Elie Ducommun, Charles Albert Gobat

Nobel Peace Prize 1902

Élie Ducommun

(1833 - 1906)

Optimist and peace activist

Élie Ducommun was the honorary Secretary-General of the International Peace Bureau in Berne from its establishment in 1890 and until his death. The Bureau served as the link between peace organizations in different countries. In his spare time, Ducommun prepared programs for international peace congresses, published resolutions, and corresponded with promoters of peace. In addition he published numerous writings, among which his "practical program for friends of peace" was prominent. In it, Ducommun maintained that people could be educated to choose peaceful solutions. International arbitration was the means whereby war could be prevented.

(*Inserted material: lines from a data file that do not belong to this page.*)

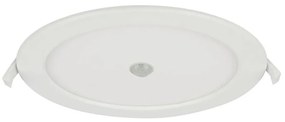 Globo GLOBO 12392-18S - LED Fürdőszobai beépíthető lámpa érzékelővel POLLY 1xLED/18W GL4688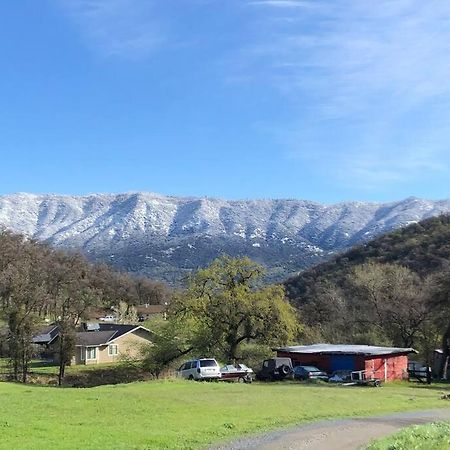 Waxberry Getaway Sequoia/Kings Canyon National Pks Yokuts Valley  Exterior photo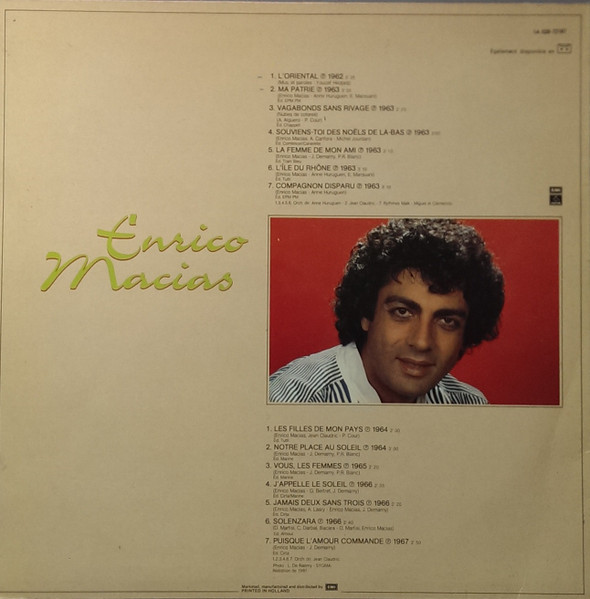Enrico Macias-1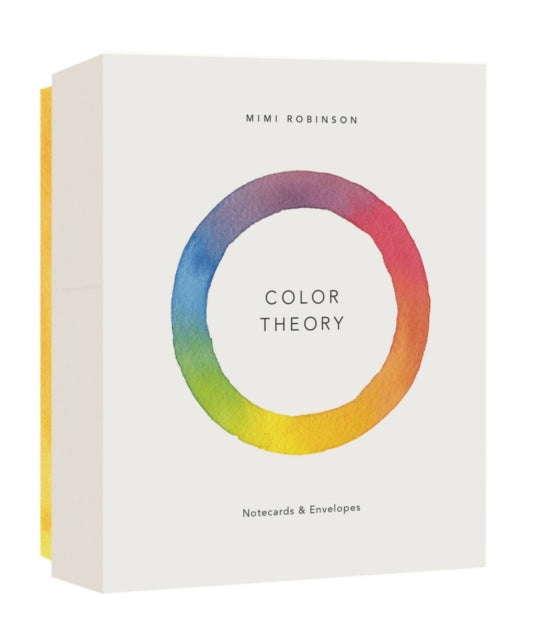 Binding: Toys & Hobbies
Description: Blending a classic watercolor feel with a fresh modern aesthetic this notecard collection celebrates the mesmerizing beauty of color. Color has long fascinated artists designers philosophers and makers of all stripes.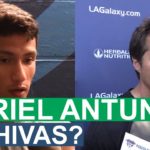 “Aunque sea amistoso, México debe ganarle siempre a Estados Unidos”: Jonathan dos Santos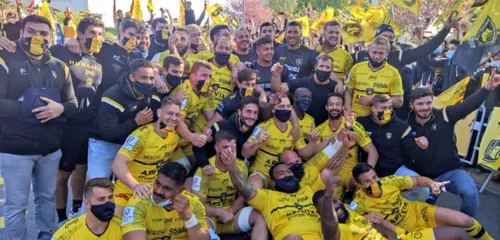La Rochelle en finale de la Champions Cup !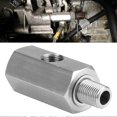 thumbnail image 2 of 1/8in Stainless Steel NPT Oil Pressure Sensor Universal Auto Car Accessory, 2 of 3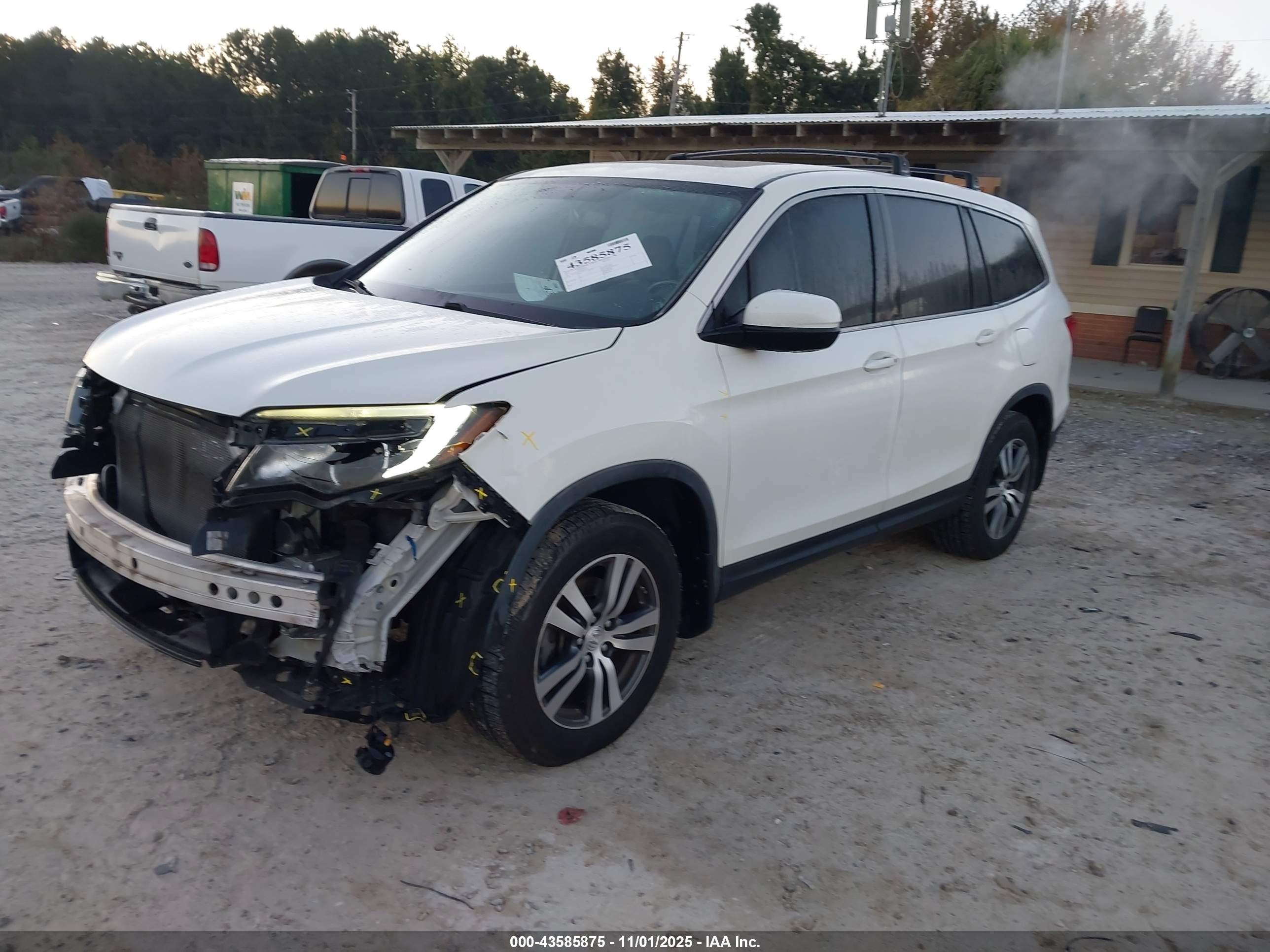 HONDA PILOT image 2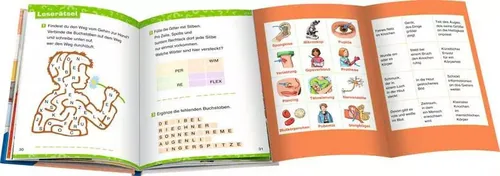 Ravensburger 60068 book Educational German 64 pages Hardcover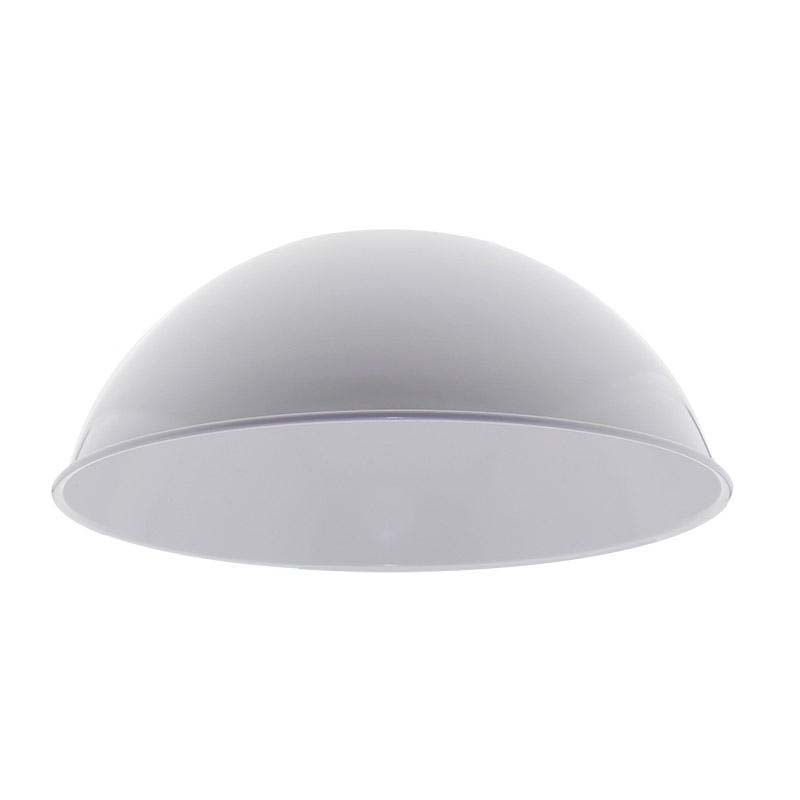 Reflector aluminio 90º para lámpara industrial, Ø174mm, blanco - XauenBatt Iluminación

It was chiefly his work at the Peace Bureau that earned Élie Ducommun the Nobel Peace Prize, but his life's work was many-sided. In early years he was a teacher, and then a prominent liberal democrat politician. From 1873 on he was the skilful director of the Jura-Simplon railway line, and believed that modern communications provided positive links between peoples, and could thus lead to peace.


Albert Gobat

(1843 - 1914)

Inter-parliamentarian and organizer

Albert Gobat was awarded the Nobel Peace Prize first and foremost for his efforts to bring popularly elected representatives from various countries together at meetings and congresses. His work as a national politician led him into international work for peace. Gobat participated in the Inter-Parliamentary Union from its beginnings in 1889. When the Inter-Parliamentary Bureau was established in Berne three years later, Gobat was chosen to be its Secretary-General. Unsalaried, he planned the conferences which the Union held each year, drew up the agendas, and drafted proposals for resolutions. He tried to set up inter-parliamentary groups in countries which had none, edited a periodical, and distributed literature about peace and arbitration.

Gobat took over as Secretary-General of the International Peace Bureau when Élie Ducommun died in 1906. This meant that he was at the same time heading the offices of both the inter-parliamentary and the popular peace movement. Gobat lived to see the International Peace Bureau honored with the Nobel Peace Prize for 1910.